A French questionnaire: Venezuela today
αναδημοσίευση από periodico el libertario
Rafael Uzcátegui
As the Venezuelan situation changes every day, I should clarify that I wrote this on 03/01/14 at 06:00 pm.
– Who are the people who took to the streets? They are only upper middle class people of some housing developments, militants of far-right parties and Colombian paramilitary activists, (“Aguilas Negras”)?

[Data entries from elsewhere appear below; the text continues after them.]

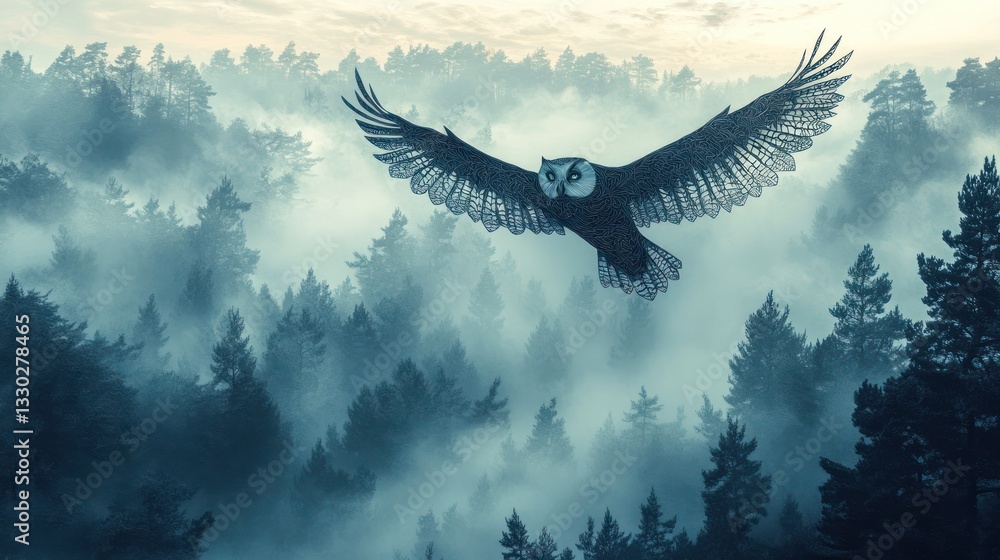 Mystical paper cut illustration of a magical owl flying through a foggy forest Mystical paper cut illustration of a magical owl flying through a foggy forest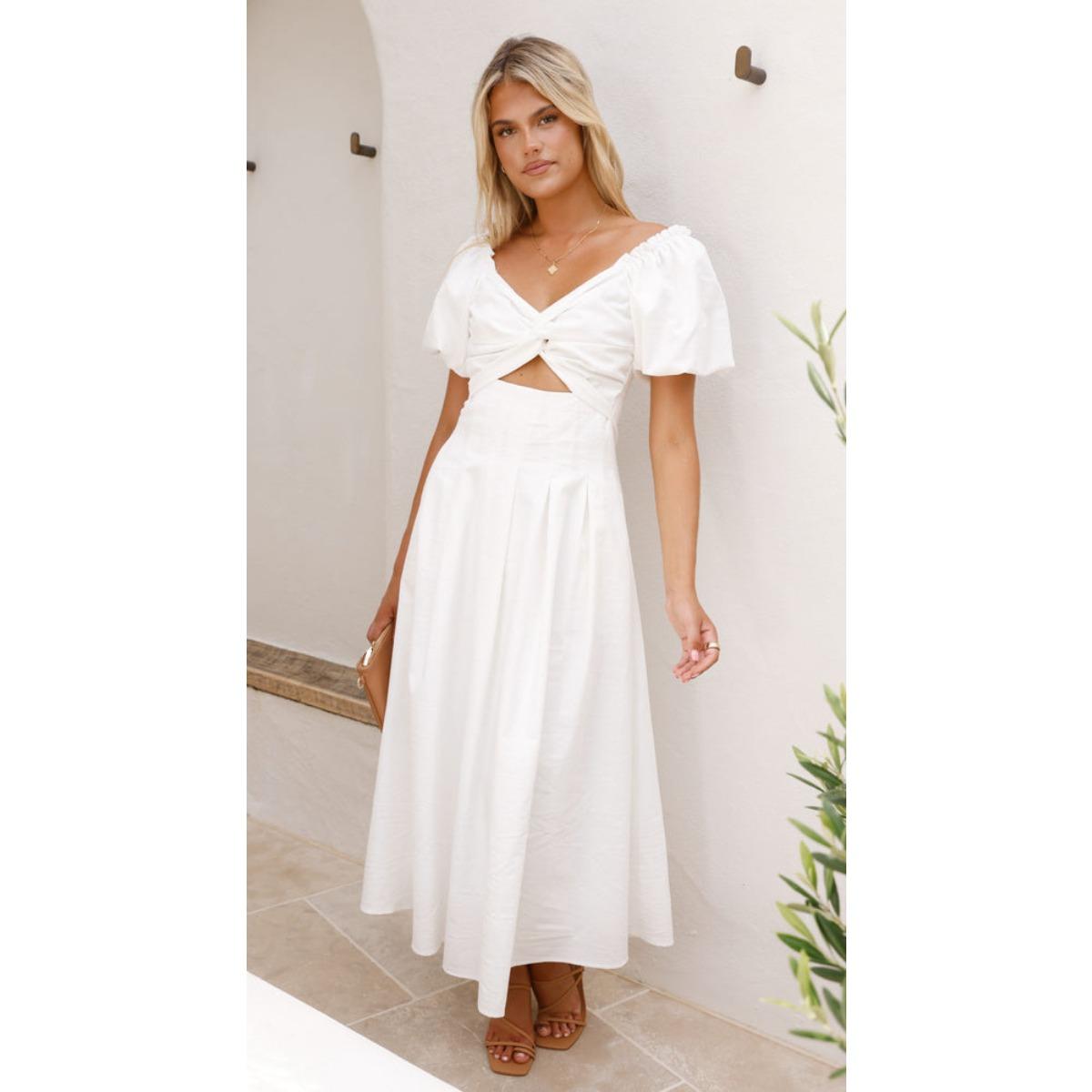 Women s V Neck Short Sleeve Solid Midi Dress High Waist Elegant Casual Dress S белый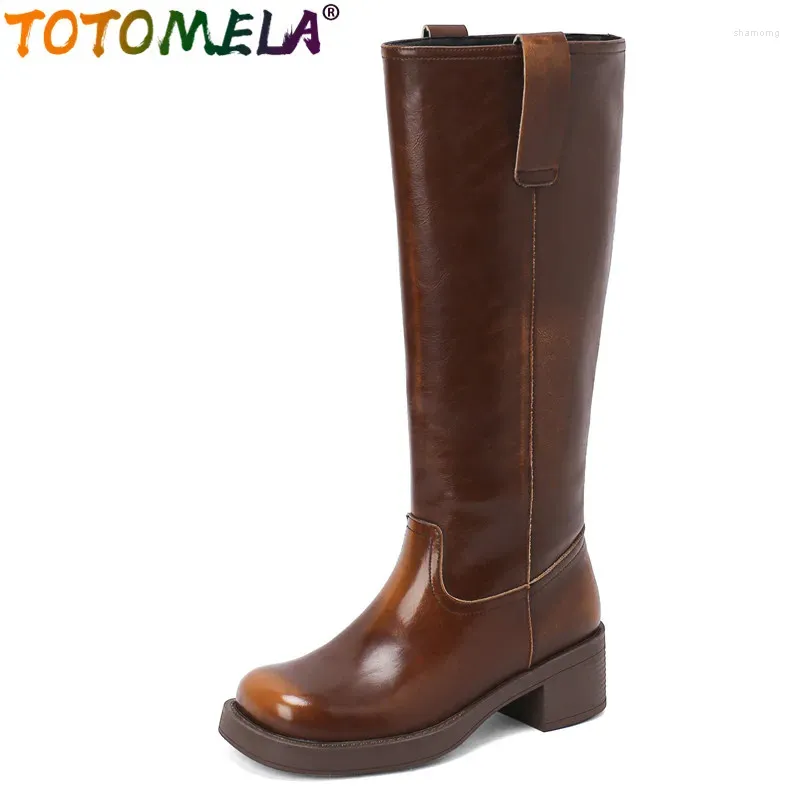 Boots Totomela 2024 Slip on Fornuine Leather Winter Retro Ladies Platform Platform High Square Med Heels
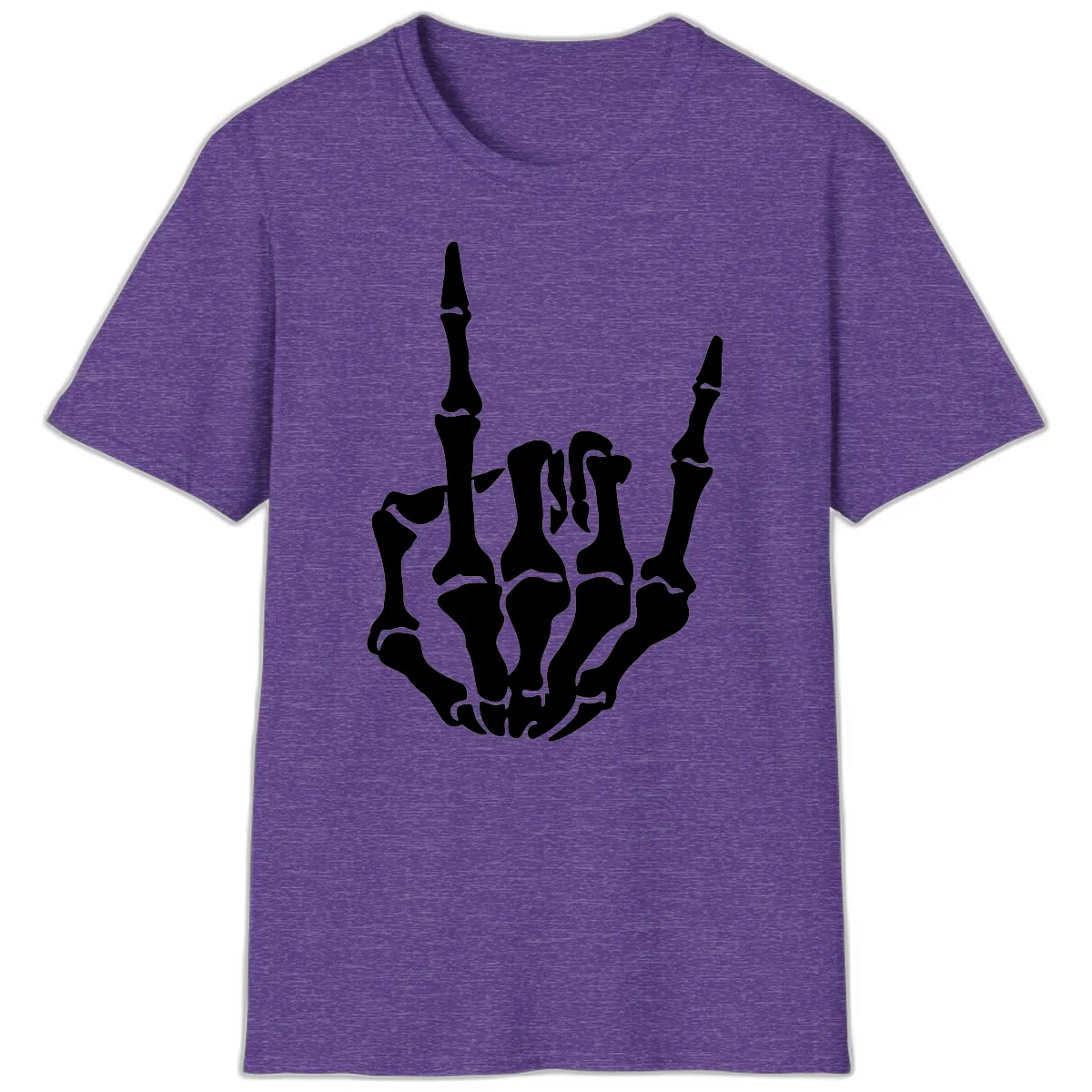 Skeleton Hand Rock On Gesture T-Shirt in Heather Purple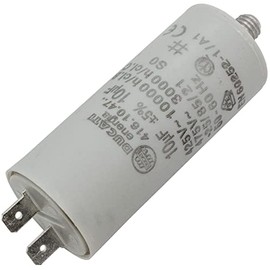 Lumonic Starting Capacitor 416.10.47 A [Including Plug 6.3 x 0.8 mm] | Motor Capacitor 10µF 425V 30 x 70 mm I Capacitor in Insulated Plastic Housing
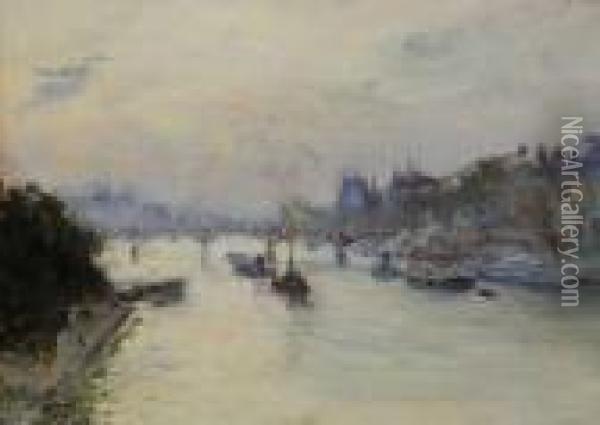 Le Pont Des Arts Oil Painting - Gustave Madelain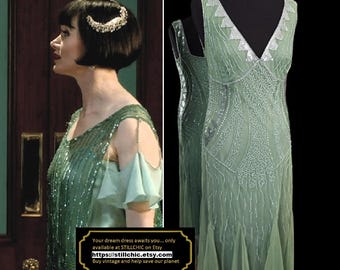 Green Dress  Flapper Dress  Beaded Dress  Bias Cut Dress  Hanky Hem Dress  Gatsby Dress  Fairycore Dress  Embellished Dress  Downton Abbey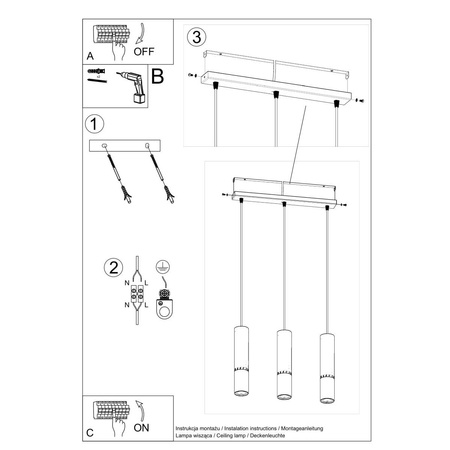 Lampa wisząca LOOPEZ 3L czarny/złoty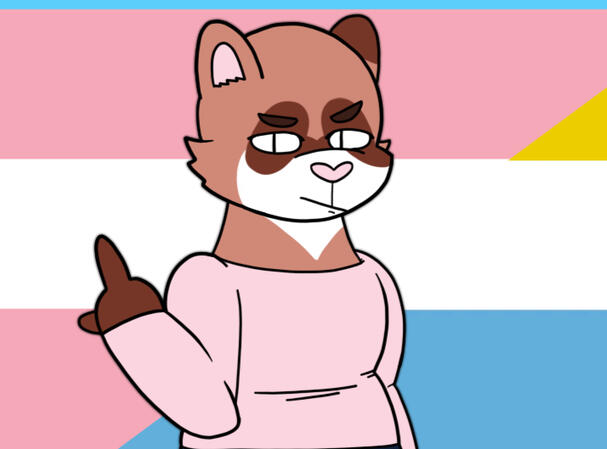 2026 - Punky Willow A drawing of an anthro ferret in a pink sweater flipping the middle finger with a stern expression, the background behind her being a combo of the transgender and aroace pride flags. Text above her reads: "We are older than your laws, and we will outlive t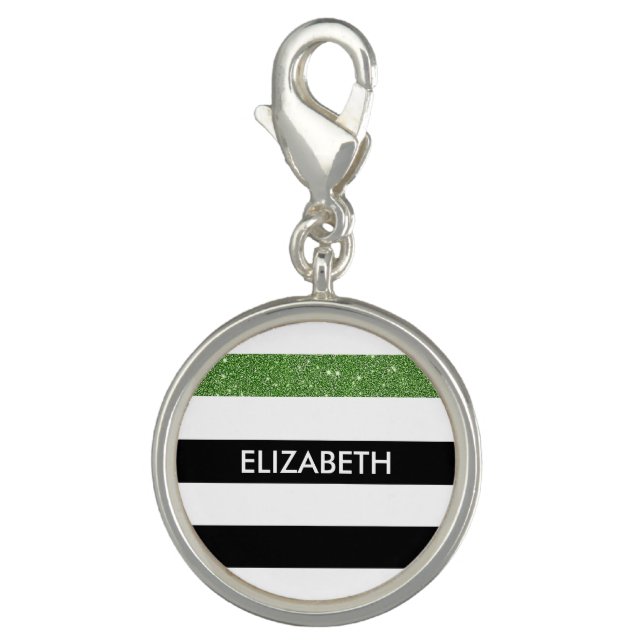 Modern Black Stripes FAUX Green Glitz and Name Charm (Front)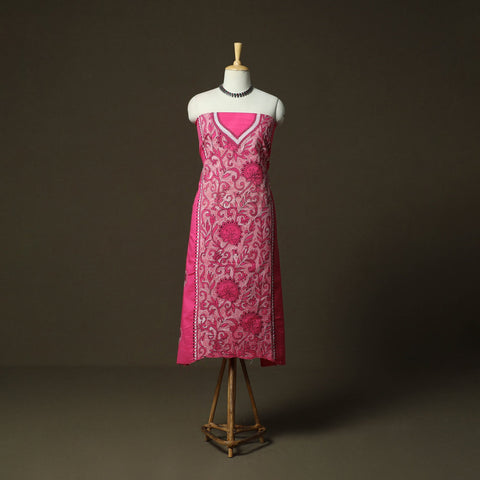 Bengal kantha hand embroidered cotton unstitched kurta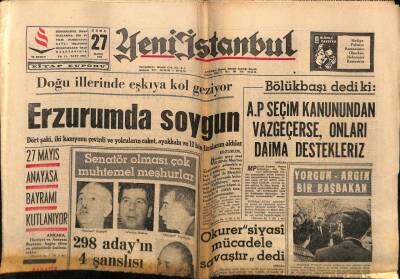 Yeni İstanbul Gazetesi 27 Mayıs 1966 - 27 Mayıs Anayasa Bayramı Kutlanıyor GZ57136 - 1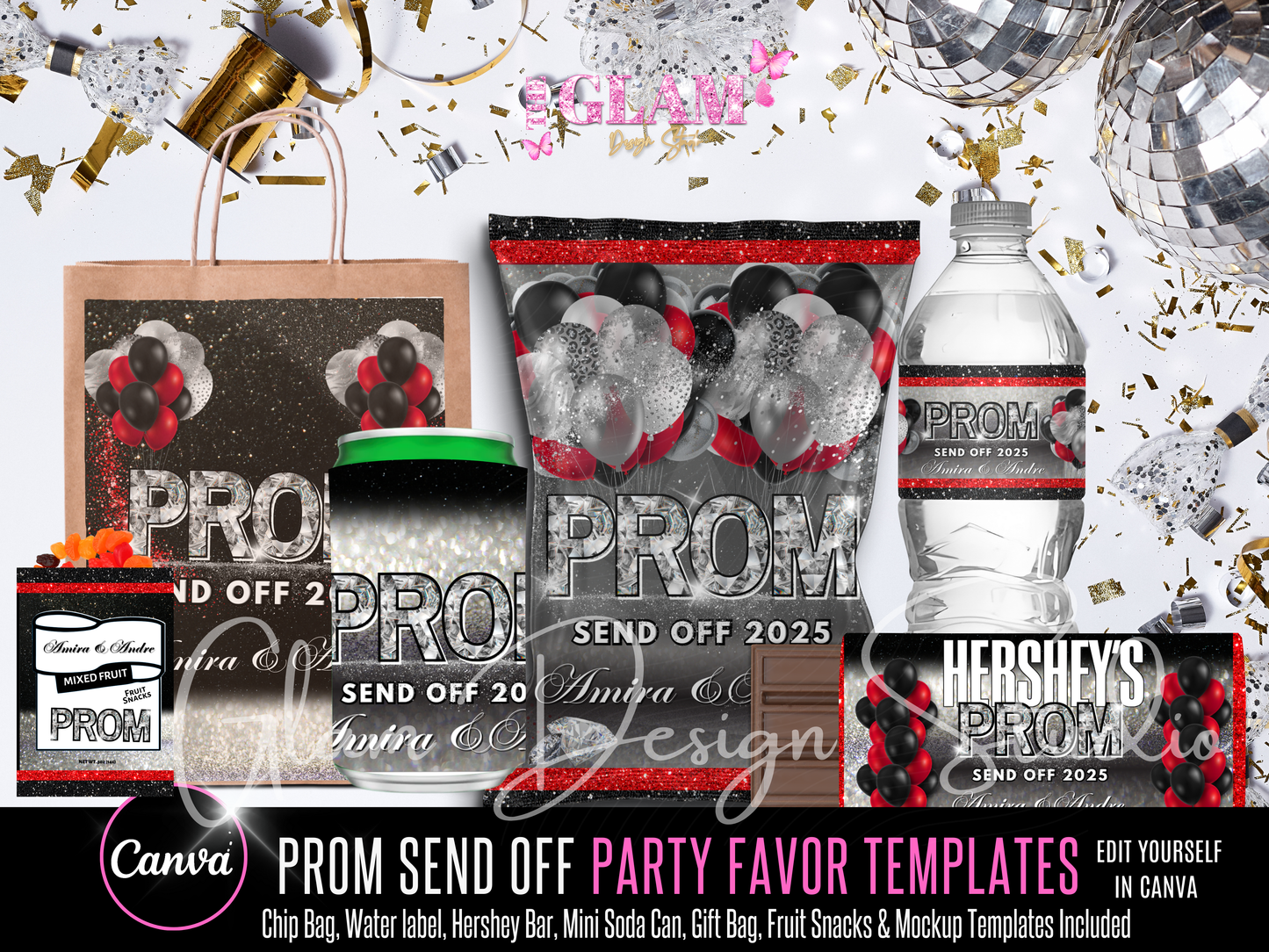 DIY Prom Send Off Party Favor Bundle Editable Canva Templates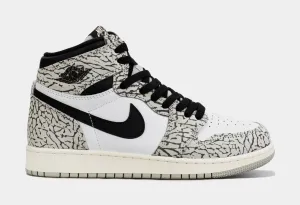 Air Jordan 1 Retro White Cement Grade School Lifestyle Shoes (White/Grey)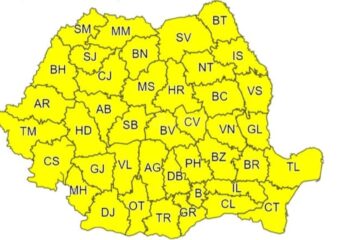 Cod galben de ploi, până duminică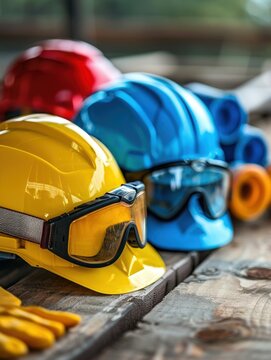 Three safety helmets and goggles are on a wooden table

– This question can only be answered correctly, referring to the beginning of this cycle of protests in Venezuela. On February 4 students at the Universidad Nacional Experimental del Tachira (UNET), in San Cristobal, staged a peaceful protest against insecurity, caused by the sexual abuse against a student. The protest was brutally suppressed by the Bolivarian National Guard (GNB), the agency of the Venezuelan Armed Forces in charge of “maintaining public order”, and 6 students were arrested. On this episode we should clarify two things: 1) Historically the student movement in Latin America and Venezuela, has always rejected detained students in protests and 2) San Cristobal, capital of Tachira state, is a city located in a border area with Colombia that has been particularly hard hit for several years by interruptions of utilities (water and electricity mainly), price inflation as well as shortages of various consumer products. The arrest of these students led protests in other cities of the country, which in turn were suppressed by increasing the number of students arrested. This created an “snowball-effect”, from the inner cities of the country to Caracas. It is in this climate of protests and unrest, which two opposition politicians (Leopoldo Lopez and Maria Corina Machado), make a call to hold demonstrations to demand the resignation of President under the slogan “the exit”.
It is important to say that the rest of the opposition parties, including the coalition “Bureau of Democratic Unity” (MUD), and the governor of Miranda state, Henrique Capriles; rejected the first few days the protests, which have overwhelmed the political parties opponents. When I write these answers (03/01/14) the protest against the government was decentralized, with some violent foci but largely, peacefully. It also has two different dynamics : One in Caracas , starring with middle class students from public and private universities territorially in the east of the city, and basically with political demands (release of the students, the resignation of President and rejection of repression); and in the rest of the country, qualitatively more important than that one in Caracas because it incorporates popular sectors; and in some cities, (such as San Cristobal), rural areas (thus this city was militarized), and including social demands and lack of products, the high cost of living and lack of basic services.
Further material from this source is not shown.